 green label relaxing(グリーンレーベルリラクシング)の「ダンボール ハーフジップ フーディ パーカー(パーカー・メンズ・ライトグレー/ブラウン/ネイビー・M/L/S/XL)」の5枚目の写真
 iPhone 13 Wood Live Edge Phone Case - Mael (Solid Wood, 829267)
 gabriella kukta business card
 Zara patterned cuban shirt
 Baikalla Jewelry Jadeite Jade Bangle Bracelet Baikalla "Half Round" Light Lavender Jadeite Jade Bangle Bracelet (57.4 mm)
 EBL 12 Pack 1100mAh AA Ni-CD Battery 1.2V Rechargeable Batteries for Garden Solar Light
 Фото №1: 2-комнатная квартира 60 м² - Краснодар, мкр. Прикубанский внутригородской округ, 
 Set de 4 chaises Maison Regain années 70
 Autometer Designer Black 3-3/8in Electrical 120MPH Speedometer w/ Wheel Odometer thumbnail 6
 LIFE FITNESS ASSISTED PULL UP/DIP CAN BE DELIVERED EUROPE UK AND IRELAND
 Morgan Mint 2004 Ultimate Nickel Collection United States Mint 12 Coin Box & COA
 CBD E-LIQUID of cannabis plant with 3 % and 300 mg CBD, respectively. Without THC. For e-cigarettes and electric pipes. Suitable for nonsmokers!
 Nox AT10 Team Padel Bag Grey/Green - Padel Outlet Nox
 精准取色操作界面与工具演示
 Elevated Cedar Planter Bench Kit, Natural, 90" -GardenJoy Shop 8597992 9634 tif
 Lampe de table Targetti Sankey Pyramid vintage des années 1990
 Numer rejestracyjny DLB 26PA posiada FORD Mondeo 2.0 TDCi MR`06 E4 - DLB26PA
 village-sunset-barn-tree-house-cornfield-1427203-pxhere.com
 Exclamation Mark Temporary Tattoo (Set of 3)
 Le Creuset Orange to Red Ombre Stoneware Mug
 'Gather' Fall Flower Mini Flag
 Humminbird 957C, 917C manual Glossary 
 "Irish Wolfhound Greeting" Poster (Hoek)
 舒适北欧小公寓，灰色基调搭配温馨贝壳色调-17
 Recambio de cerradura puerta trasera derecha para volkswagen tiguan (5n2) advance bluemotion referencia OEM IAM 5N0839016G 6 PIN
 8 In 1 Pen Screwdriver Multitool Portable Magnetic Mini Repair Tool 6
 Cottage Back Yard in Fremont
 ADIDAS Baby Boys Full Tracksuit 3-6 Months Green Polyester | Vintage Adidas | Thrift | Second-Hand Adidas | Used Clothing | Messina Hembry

☆ ☆ ☆

- **AIM OF THE EXERCISE**: The entries above must be returned exactly.

- **SOLUTION TO THE EXERCISE**:
 green label relaxing(グリーンレーベルリラクシング)の「ダンボール ハーフジップ フーディ パーカー(パーカー・メンズ・ライトグレー/ブラウン/ネイビー・M/L/S/XL)」の5枚目の写真
 iPhone 13 Wood Live Edge Phone Case - Mael (Solid Wood, 829267)
 gabriella kukta business card
 Zara patterned cuban shirt
 Baikalla Jewelry Jadeite Jade Bangle Bracelet Baikalla "Half Round" Light Lavender Jadeite Jade Bangle Bracelet (57.4 mm)
 EBL 12 Pack 1100mAh AA Ni-CD Battery 1.2V Rechargeable Batteries for Garden Solar Light
 Фото №1: 2-комнатная квартира 60 м² - Краснодар, мкр. Прикубанский внутригородской округ, 
 Set de 4 chaises Maison Regain années 70
 Autometer Designer Black 3-3/8in Electrical 120MPH Speedometer w/ Wheel Odometer thumbnail 6
 LIFE FITNESS ASSISTED PULL UP/DIP CAN BE DELIVERED EUROPE UK AND IRELAND
 Morgan Mint 2004 Ultimate Nickel Collection United States Mint 12 Coin Box & COA
 CBD E-LIQUID of cannabis plant with 3 % and 300 mg CBD, respectively. Without THC. For e-cigarettes and electric pipes. Suitable for nonsmokers!
 Nox AT10 Team Padel Bag Grey/Green - Padel Outlet Nox
 精准取色操作界面与工具演示
 Elevated Cedar Planter Bench Kit, Natural, 90" -GardenJoy Shop 8597992 9634 tif
 Lampe de table Targetti Sankey Pyramid vintage des années 1990
 Numer rejestracyjny DLB 26PA posiada FORD Mondeo 2.0 TDCi MR`06 E4 - DLB26PA
 village-sunset-barn-tree-house-cornfield-1427203-pxhere.com
 Exclamation Mark Temporary Tattoo (Set of 3)
 Le Creuset Orange to Red Ombre Stoneware Mug
 'Gather' Fall Flower Mini Flag
 Humminbird 957C, 917C manual Glossary 
 "Irish Wolfhound Greeting" Poster (Hoek)
 舒适北欧小公寓，灰色基调搭配温馨贝壳色调-17
 Recambio de cerradura puerta trasera derecha para volkswagen tiguan (5n2) advance bluemotion referencia OEM IAM 5N0839016G 6 PIN
 8 In 1 Pen Screwdriver Multitool Portable Magnetic Mini Repair Tool 6
 Cottage Back Yard in Fremont
 ADIDAS Baby Boys Full Tracksuit 3-6 Months Green Polyester | Vintage Adidas | Thrift | Second-Hand Adidas | Used Clothing | Messina Hembry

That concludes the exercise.